Zero tolerance for torture

I don't much care if British officials are prosecuted for torture, I
just want politicians to do all they can to stop it happening again

8 July, 2009 | Clive Stafford Smith

Over the past two days, Ian Cobain has continued his excellent expose
of British complicity in torture in the Guardian. By now, few can doubt
that in the eight years since 9/11 the British government has taken some
steps that were illegal, others that were indubitably immoral and many
more that were unwise.

    The apologists for torture
    constantly propagate their
    myths to justify their
    nightmare. If it is not a
    ticking timebomb in Trafalgar
    Square, then it is the notion
    that torture-induced
    intelligence might thwart
    another 7/7. No official ever
    produces evidence that might
corral these hypotheticals within the realm of reality – we are left only
with the dark assurances of Dick Cheney. (My own experience with
classified evidence convinces me that Cheney is straying some distance
from the truth.)

Even if there were proof that torture sometimes saved lives, that would
hardly win the debate, on either a moral or a utilitarian analysis. Overall,
can anyone doubt that the west has been made less safe by our leaders'
dabbling in torture and abuse? For example, can anyone honestly
gainsay the opinion of an anonymous CIA agent – that for each prisoner
mistreated in Guantánamo Bay, we have provoked 10 angry men who
wish us harm?

And the ripples of torture taint all those who come in contact with it. As
our own investigation continues at Reprieve into the torture of Binyam
Mohamed, it becomes clear that the British intelligence services have
used many unwitting agents in their own felonies. For example, the
Metropolitan police were asked to dig out the information that was fed
to Mohamed's Moroccan torturers.

I wonder, though, whether it is not time we began to consider a
different question: what positive steps will our government take to
renounce the terror of torture?
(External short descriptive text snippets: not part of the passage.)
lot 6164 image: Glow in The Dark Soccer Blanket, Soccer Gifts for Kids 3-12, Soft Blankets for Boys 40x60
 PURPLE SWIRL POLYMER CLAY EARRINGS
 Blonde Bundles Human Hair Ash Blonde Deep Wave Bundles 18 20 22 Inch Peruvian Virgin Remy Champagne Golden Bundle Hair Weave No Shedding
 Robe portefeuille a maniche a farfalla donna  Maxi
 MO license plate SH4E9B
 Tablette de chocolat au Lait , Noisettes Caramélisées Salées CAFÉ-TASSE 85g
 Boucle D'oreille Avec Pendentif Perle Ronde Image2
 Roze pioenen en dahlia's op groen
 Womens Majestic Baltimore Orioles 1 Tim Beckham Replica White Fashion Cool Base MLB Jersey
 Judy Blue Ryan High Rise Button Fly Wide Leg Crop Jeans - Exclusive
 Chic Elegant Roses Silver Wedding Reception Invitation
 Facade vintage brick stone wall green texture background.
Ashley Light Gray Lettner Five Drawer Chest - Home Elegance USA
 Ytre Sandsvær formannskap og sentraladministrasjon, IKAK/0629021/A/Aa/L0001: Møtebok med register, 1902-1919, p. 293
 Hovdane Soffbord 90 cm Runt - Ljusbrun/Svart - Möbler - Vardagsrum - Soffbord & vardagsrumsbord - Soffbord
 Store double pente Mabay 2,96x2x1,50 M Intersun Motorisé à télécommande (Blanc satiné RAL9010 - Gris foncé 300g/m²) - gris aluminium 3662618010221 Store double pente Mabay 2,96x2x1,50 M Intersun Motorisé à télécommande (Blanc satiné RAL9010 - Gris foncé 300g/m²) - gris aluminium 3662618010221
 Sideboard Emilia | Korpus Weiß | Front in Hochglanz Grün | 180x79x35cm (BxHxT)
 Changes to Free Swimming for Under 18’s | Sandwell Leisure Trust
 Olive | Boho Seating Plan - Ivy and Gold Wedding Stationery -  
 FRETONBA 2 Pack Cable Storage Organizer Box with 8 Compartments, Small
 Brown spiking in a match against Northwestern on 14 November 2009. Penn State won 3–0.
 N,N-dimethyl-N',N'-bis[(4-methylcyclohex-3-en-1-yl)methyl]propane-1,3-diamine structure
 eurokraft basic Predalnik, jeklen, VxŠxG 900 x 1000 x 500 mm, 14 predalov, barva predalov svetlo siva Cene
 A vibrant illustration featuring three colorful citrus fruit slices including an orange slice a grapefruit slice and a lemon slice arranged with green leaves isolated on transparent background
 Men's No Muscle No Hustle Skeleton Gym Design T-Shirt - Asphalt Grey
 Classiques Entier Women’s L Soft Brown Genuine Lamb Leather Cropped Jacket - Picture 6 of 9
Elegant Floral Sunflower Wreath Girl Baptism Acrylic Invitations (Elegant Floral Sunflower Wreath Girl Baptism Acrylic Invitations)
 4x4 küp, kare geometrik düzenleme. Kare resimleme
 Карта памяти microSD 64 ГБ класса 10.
I, for one, don't much care if British
officials are ever prosecuted for torture; but I do very much want to
contribute to a world where nobody suffers in the torture chamber
again.

Pious government assurances that British agents never torture are not
enough – for Marwan, the leader of Mohamed's Moroccan abusers, did
not handle the razor blade; he stood back and observed.

An official promise that British agents will report back to their superiors
when they witness torture is insufficient: the British government knew
about Mohamed's torture, did nothing to stop it and continues to
suppress the evidence.

There is only one solution: if our politicians promise zero tolerance for
drugs or for racism on the football terrace, surely they can accept zero
tolerance for torture? Where we see it, we must stop it; where we
suspect it, we must investigate it; and where we believe it has happened,
we must ensure that the abusers are exposed. If we are to avoid its
deadly fruit, the poisoned tree must be torn out by its roots.